- [DATA FOR THIS EXERCISE]
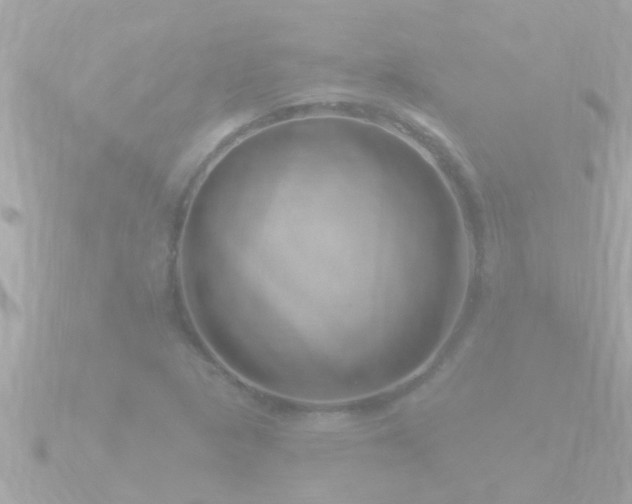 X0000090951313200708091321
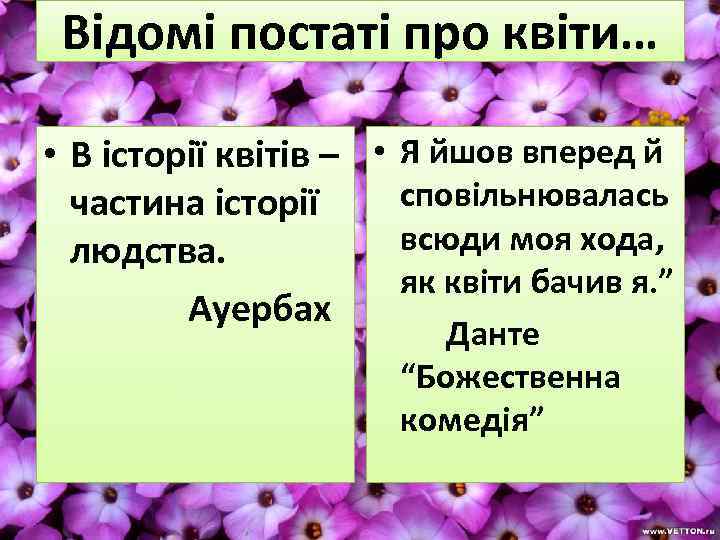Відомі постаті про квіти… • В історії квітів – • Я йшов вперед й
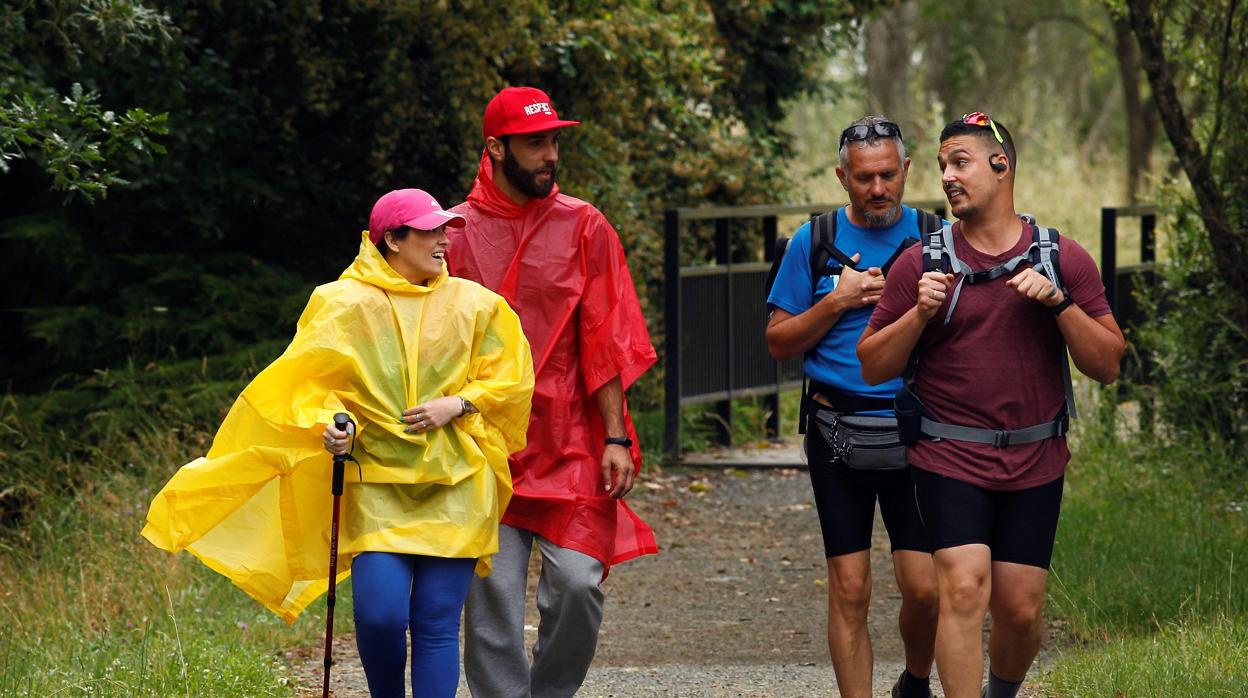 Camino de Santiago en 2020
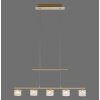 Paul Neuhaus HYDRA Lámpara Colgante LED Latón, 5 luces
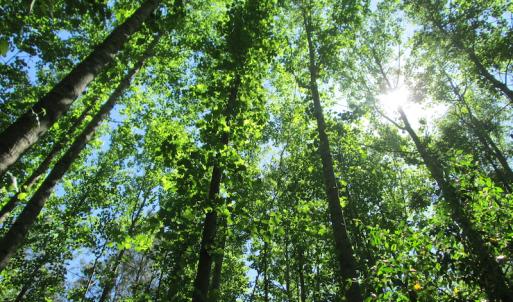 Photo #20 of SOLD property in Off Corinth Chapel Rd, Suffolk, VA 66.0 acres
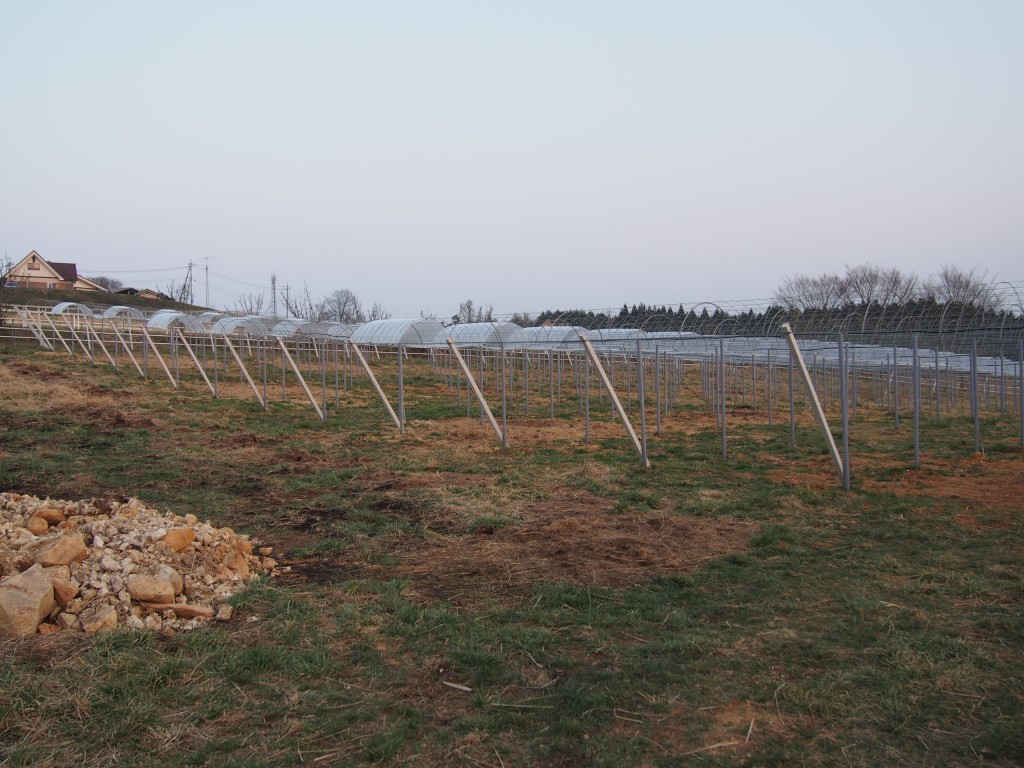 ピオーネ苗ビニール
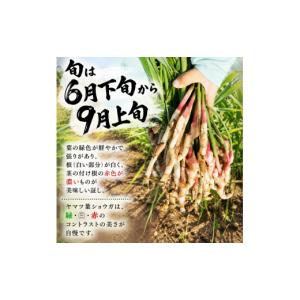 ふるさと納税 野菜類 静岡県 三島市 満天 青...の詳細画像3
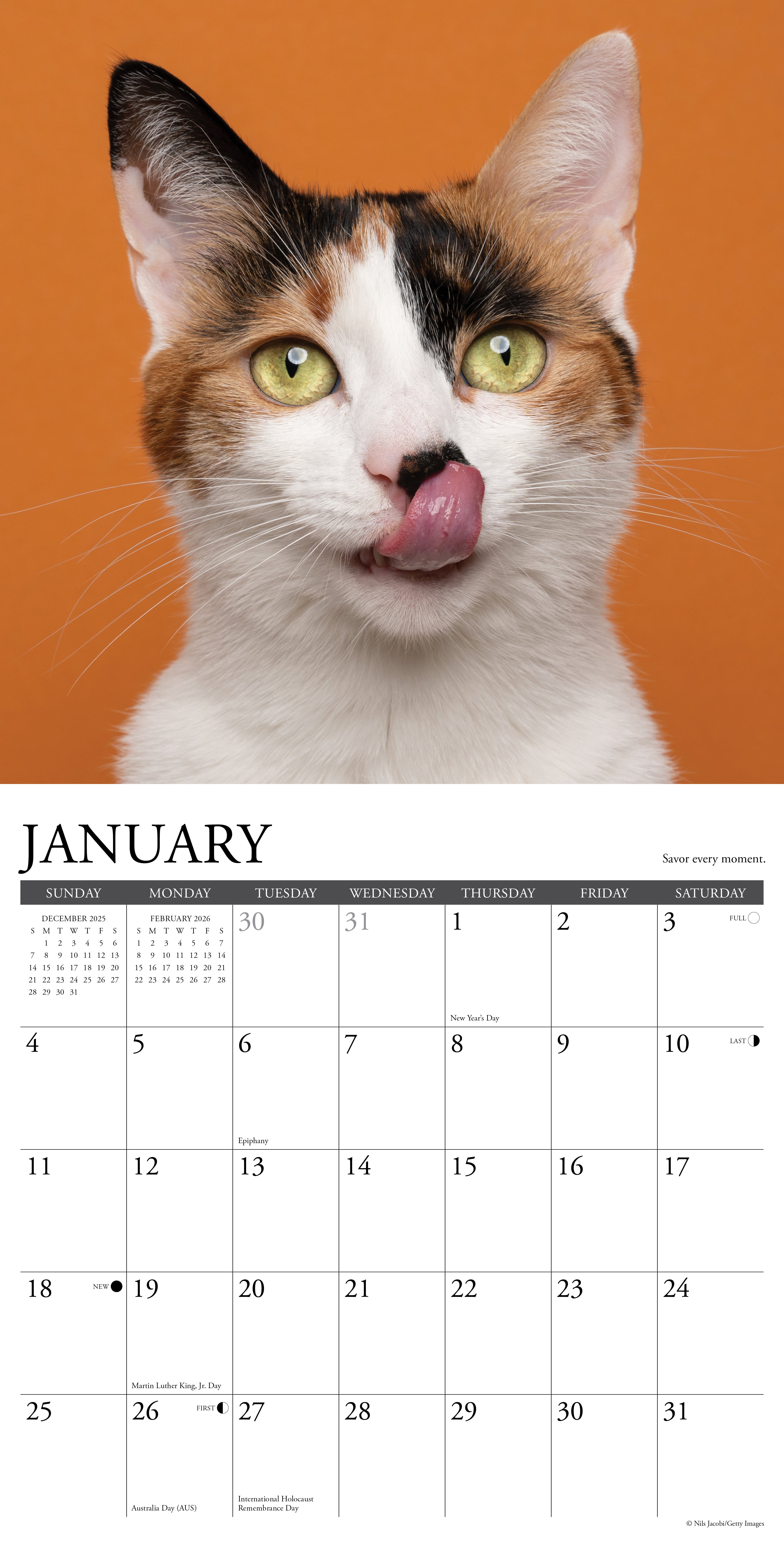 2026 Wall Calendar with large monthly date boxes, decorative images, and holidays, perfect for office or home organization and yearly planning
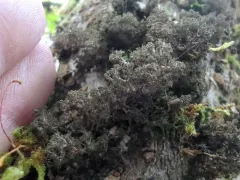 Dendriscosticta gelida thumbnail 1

- [WHAT YOU HAVE TO DO] Repeat all the material above exactly, apart from the pictures.

- [SOLUTION FOR THIS EXERCISE]
 X0000090951313200708091321
Відомі постаті про квіти… • В історії квітів – • Я йшов вперед й
 Camino de Santiago en 2020
 Paul Neuhaus HYDRA Lámpara Colgante LED Latón, 5 luces
 Photo #20 of SOLD property in Off Corinth Chapel Rd, Suffolk, VA 66.0 acres
 ピオーネ苗ビニール
 ふるさと納税 野菜類 静岡県 三島市 満天 青...の詳細画像3
 2026 Wall Calendar with large monthly date boxes, decorative images, and holidays, perfect for office or home organization and yearly planning
 Dendriscosticta gelida thumbnail 1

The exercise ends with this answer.